VHOST_ROOT="/var/www/${G_HOSTNAME}"

# VHOST_ROOT="/srv/${G_HOSTNAME}/www"

# some web applications need to know what host they are serving up pages

# for.  this information is configured when the application is installed

# by the webapp-config script

#

# changing this value *after* the application has been installed has

# no effect!!

#

# you can override this setting by using the -h switch to webapp-config

VHOST_HOSTNAME="localhost"

# VHOST_HOSTNAME="`hostname --fqdn 2>/dev/null || echo localhost`"

# what web server are you using?

# your choices are:

#

# apache-basic

#

# you can override this setting by using the -s switch to webapp-config

VHOST_SERVER="apache-basic"

# which user should own config files?

# the default is 'id -nu', which is normally the root user

#

# IMPORTANT: never set this to a numerial uid.  always use the username

# or else webapp-config *will* complain that the user does not exist

#

# you can override this setting by using the -u switch to webapp-config

VHOST_CONFIG_UID="`id -nu`"

# which group should own config files?

# the default is 'id -ng', which is normally the root group

#

# IMPORTANT: never set this to a numerical gid.  always use the group name

# or else webapp-config *will* complain that the group does not exist

#

# you can override this setting by using the -g switch to webapp-config

VHOST_CONFIG_GID="`id -ng`"

# what type of shared directories should be created?

# the default is 'virtual', which means that each install of the app

# does NOT get a unique copy of the directory, or the files beneath it

#

# permitted values are: server-owned, config-owned, virtual, root-owned

#

# you can override this setting by using the --virtual-dirs switch to

# webapp-config

VHOST_CONFIG_VIRTUAL_DIRS="virtual"

# what type of shared files should be created?

# the default is 'virtual', which means that each install of the app

# does NOT get a unique copy of the files

#

# permitted values are: server-owned, config-owned, virtual

#

# you can override this setting by using the --virtual-files switch to

# webapp-config

VHOST_CONFIG_VIRTUAL_FILES="virtual"

# where should drop-in config files for Apache et al go?

#

# these files will be called <server>-<app>.conf.  They are quite rare,

# but are needed from time to time by the odd application or two

VHOST_CONFIG_DIR="${VHOST_ROOT}/conf"

# which user & group should own the files by default?

#

# the default is for files to be owned by the superuser root, so that

# they cannot be tampered with by other users

#

# this setting affects the files and directories installed by the ebuild,

# and it affects some directories created by webapp-config.  It does not

# affect any of the files installed by webapp-config at this time.

VHOST_DEFAULT_UID="root"

VHOST_DEFAULT_GID="root"

# what type of links do you want to use?

#

# starting with webapp-config v1.10, the default behaviour is to attempt

# to hardlink a file from /usr/share/webapps/* first.  If the hardlink

# fails (normally because /usr and /var | /srv are on different filesystems)

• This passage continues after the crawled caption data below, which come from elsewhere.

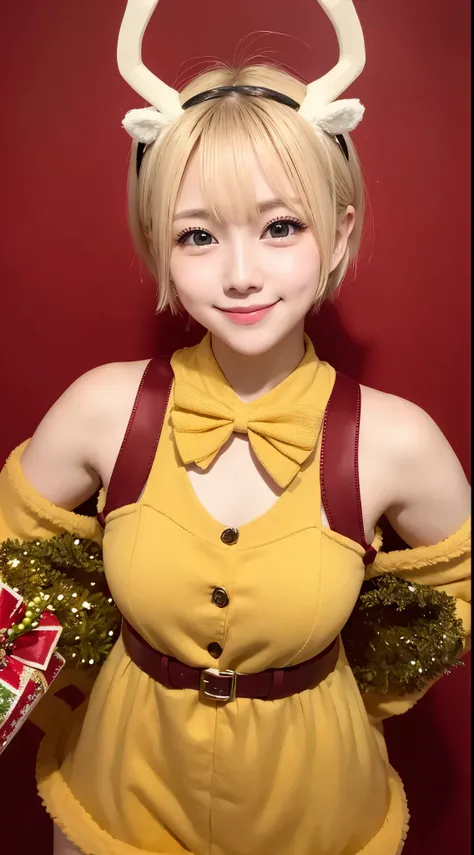 she has short blonde hair、Yellow eyes、a smile、wearing a reindeer costume、Christmas Background、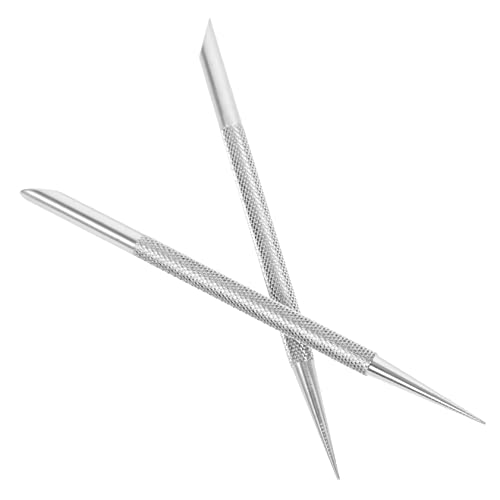 FOMIYES 2Pcs Stainless Steel Cuticle Pusher Tool for Nail Remover for Natural Artificial Nails Comfortable Slip Handle for Nail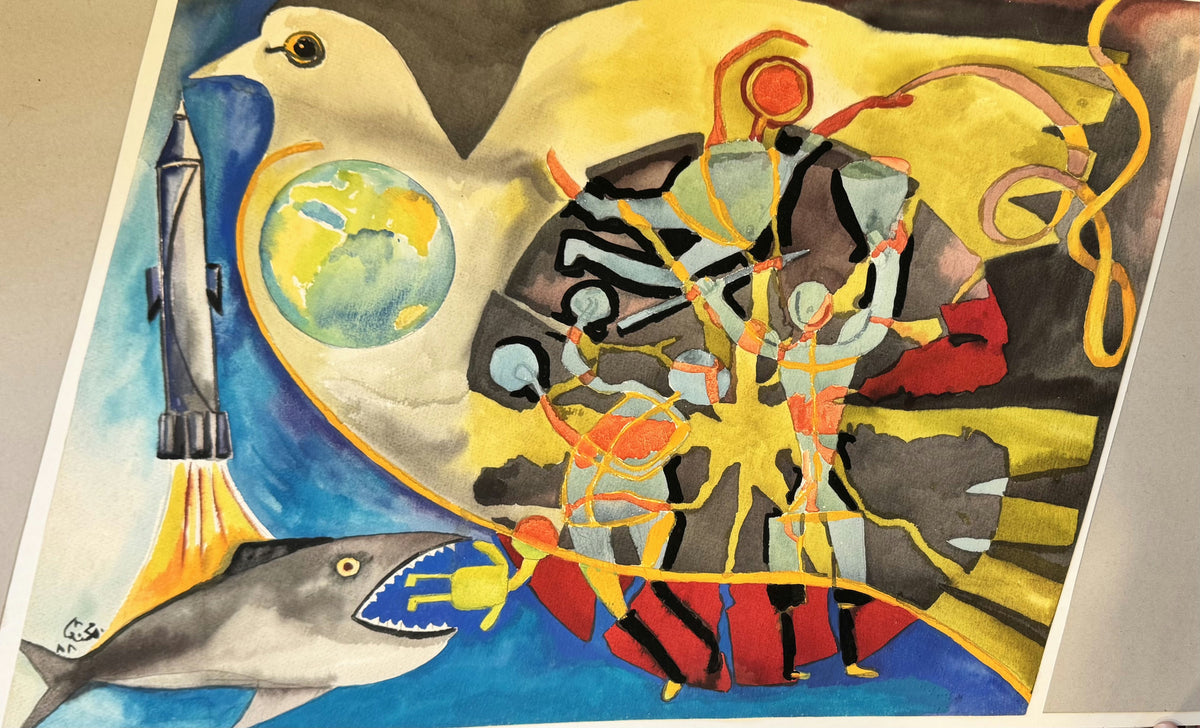 Original Mixed media 'Dove Globe Rocket Shark Figures' by Mohammad Bushnaq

# webapp-config will fall back to making a physical copy of the file

# instead

#

# NOTE:

#   we have moved to hardlinks because not all web-based packages work

#   when their files are symlinked in

#

#   please do not raise bugs about packages that do not work when

#   symlinked

#

# VHOST_LINK_TYPE="soft"

# what are the names of your document directories?

#

# by default, your website lives in /var/www/<hostname>/htdocs.  If you

# run webapp-config with the --secure switch, your website instead lives

# in /var/www/<hostname>/htdocs-secure.

#

# you can change the default names of 'htdocs' and 'htdocs-secure' by

# editing these two variables

VHOST_HTDOCS_INSECURE="htdocs"

VHOST_HTDOCS_SECURE="htdocs-secure"

# ========================================================================

# END OF USER-EDITABLE SETTINGS

# ========================================================================

# ========================================================================

# EDIT THE VARIABLES BELOW THIS LINE AT YOUR OWN RISK

#

# These variables are used by the webapp.eclass component of Portage,

# and by /usr/sbin/webapp-config.

#

# If you break your Gentoo installation by changing these settings, then

# re-emerge the webapps-config package to restore the default values

#

# When webapp-config is upgraded, it may add to and/or change the value of

# variables listed here.  If you do not merge in these changes, you will

# probably find that webapp-config will break in horrible ways.

#

# etc-update is NOT optional ;-)

#

# ========================================================================

MY_APPSUFFIX="${PN}/${PVR}"

MY_APPROOT="/usr/share/webapps"

MY_APPDIR="${MY_APPROOT}/${MY_APPSUFFIX}"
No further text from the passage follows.